Items from a data source –
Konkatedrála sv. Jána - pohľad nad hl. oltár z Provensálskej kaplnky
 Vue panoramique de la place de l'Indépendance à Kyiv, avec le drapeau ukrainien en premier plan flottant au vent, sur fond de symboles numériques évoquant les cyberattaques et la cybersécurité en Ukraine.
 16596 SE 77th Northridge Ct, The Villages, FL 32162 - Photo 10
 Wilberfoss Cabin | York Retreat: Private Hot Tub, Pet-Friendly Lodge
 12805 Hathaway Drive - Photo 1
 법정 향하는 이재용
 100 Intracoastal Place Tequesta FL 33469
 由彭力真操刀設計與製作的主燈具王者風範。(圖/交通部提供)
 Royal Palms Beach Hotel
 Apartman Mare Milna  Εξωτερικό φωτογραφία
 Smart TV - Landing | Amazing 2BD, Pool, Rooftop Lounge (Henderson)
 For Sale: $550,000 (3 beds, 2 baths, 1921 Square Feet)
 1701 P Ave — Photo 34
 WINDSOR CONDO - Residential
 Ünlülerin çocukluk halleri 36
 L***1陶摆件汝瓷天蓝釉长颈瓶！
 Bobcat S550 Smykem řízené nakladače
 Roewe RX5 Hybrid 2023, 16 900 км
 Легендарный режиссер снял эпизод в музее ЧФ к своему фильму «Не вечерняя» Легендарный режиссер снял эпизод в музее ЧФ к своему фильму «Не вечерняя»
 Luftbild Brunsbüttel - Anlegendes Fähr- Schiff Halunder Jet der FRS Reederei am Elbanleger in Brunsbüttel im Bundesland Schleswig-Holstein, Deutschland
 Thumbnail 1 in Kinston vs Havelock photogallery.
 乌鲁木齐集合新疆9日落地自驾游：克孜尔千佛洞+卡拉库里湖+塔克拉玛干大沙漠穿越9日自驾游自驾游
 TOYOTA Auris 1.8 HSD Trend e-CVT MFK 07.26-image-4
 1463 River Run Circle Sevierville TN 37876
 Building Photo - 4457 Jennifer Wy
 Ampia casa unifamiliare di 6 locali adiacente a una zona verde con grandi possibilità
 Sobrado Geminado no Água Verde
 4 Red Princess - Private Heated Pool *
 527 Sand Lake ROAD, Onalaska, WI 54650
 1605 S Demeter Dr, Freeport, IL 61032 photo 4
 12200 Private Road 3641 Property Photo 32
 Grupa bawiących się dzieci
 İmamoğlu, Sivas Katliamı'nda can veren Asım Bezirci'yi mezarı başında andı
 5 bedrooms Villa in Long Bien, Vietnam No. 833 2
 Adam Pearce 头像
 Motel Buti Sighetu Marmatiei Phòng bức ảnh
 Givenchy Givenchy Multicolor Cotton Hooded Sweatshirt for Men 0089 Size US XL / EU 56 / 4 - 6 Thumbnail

About this exercise – Word for word, set down the lines from the beginning of the records through the line that holds "Roewe RX5 Hybrid 2023, 16 900 км". Leave out the rest.

Solution to this exercise –
Konkatedrála sv. Jána - pohľad nad hl. oltár z Provensálskej kaplnky
 Vue panoramique de la place de l'Indépendance à Kyiv, avec le drapeau ukrainien en premier plan flottant au vent, sur fond de symboles numériques évoquant les cyberattaques et la cybersécurité en Ukraine.
 16596 SE 77th Northridge Ct, The Villages, FL 32162 - Photo 10
 Wilberfoss Cabin | York Retreat: Private Hot Tub, Pet-Friendly Lodge
 12805 Hathaway Drive - Photo 1
 법정 향하는 이재용
 100 Intracoastal Place Tequesta FL 33469
 由彭力真操刀設計與製作的主燈具王者風範。(圖/交通部提供)
 Royal Palms Beach Hotel
 Apartman Mare Milna  Εξωτερικό φωτογραφία
 Smart TV - Landing | Amazing 2BD, Pool, Rooftop Lounge (Henderson)
 For Sale: $550,000 (3 beds, 2 baths, 1921 Square Feet)
 1701 P Ave — Photo 34
 WINDSOR CONDO - Residential
 Ünlülerin çocukluk halleri 36
 L***1陶摆件汝瓷天蓝釉长颈瓶！
 Bobcat S550 Smykem řízené nakladače
 Roewe RX5 Hybrid 2023, 16 900 км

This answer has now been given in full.